葉書スタンド

 旅先の友人から素敵な絵葉書を貰うことがある。万年筆のインクが鮮やかだ。この風景の中で、ゆっくりと流れる時間に身を任せているのだろうと、暫し写真を眺める。友人のことだ、今頃、美味しい酒でも飲みながら、一日の終わりのひと時を楽しんでいるのだろう。または、次はこんな面白いことをやってやろうなどと考えながら過ごしているに違いない。そのようなことを考えながら絵葉書を見ていると、私まで一緒に旅をしている気分になってくる。愉快だ。
 素敵な絵葉書を仕舞い込んでしまったら勿体ない。暫くの間は、絵葉書を机の上に置いて楽しむことにしている。
 ある日、骨董屋でいいものを見つけた。葉書スタンドとでも言おうか、木製の円形の台の上にリングが2つ取り付けてある。台の直径は約10センチ。リングの直径は7センチ。そのリングに葉書を挟んで立てる。この葉書スタンド、作られてから既に100年は過ぎているのだろう。古さの中に深みのある美しさを伴っている。
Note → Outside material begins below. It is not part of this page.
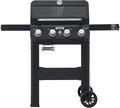 Monument Grills 4-Burner Liquid Propane Gas Grill Matte Black Stainless Steel Burner Grill with Clearview® Lid and One Foldable Shelf for Outdoor Cooking Kitchen Patio Backyard Barbecue Mesa420MF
時を重ねたものだけが帯びることができる美しさだ。決して人工では作ることはできない。1900年代初頭に作られたという私のお気に入りの机と、その机上に散乱している万年筆などの文房具に、葉書スタンドは絶妙に溶け込んでくれた。
 このアンティーク葉書スタンドのお陰で、私は机に向かうとき、友人たちと語り合っているかのような、ゆったりとした思いに浸ることができる。友人たちの生き様に励まされる思いがして、私もライフワークに取り組むことができる。
 葉書スタンドは単に葉書を立てておくためだけのものではなく、コミュニケーションの道具なのである。絵葉書で自分の生活の一部を伝える。受け取った者は、その葉書の絵と文字を見ながら、送り主の心のあり方を十分に楽しむ。葉書スタンドはその為の道具なのだ。そのような道具が確かに存在していたことが嬉しい。そんな時代が、ひと昔前にあったのだ。送り主の気持ちを楽しみ尽くす…そんな時代が。
 机上の葉書スタンドは、絵葉書と共に、今日も私にいろいろと語りかけてくれている。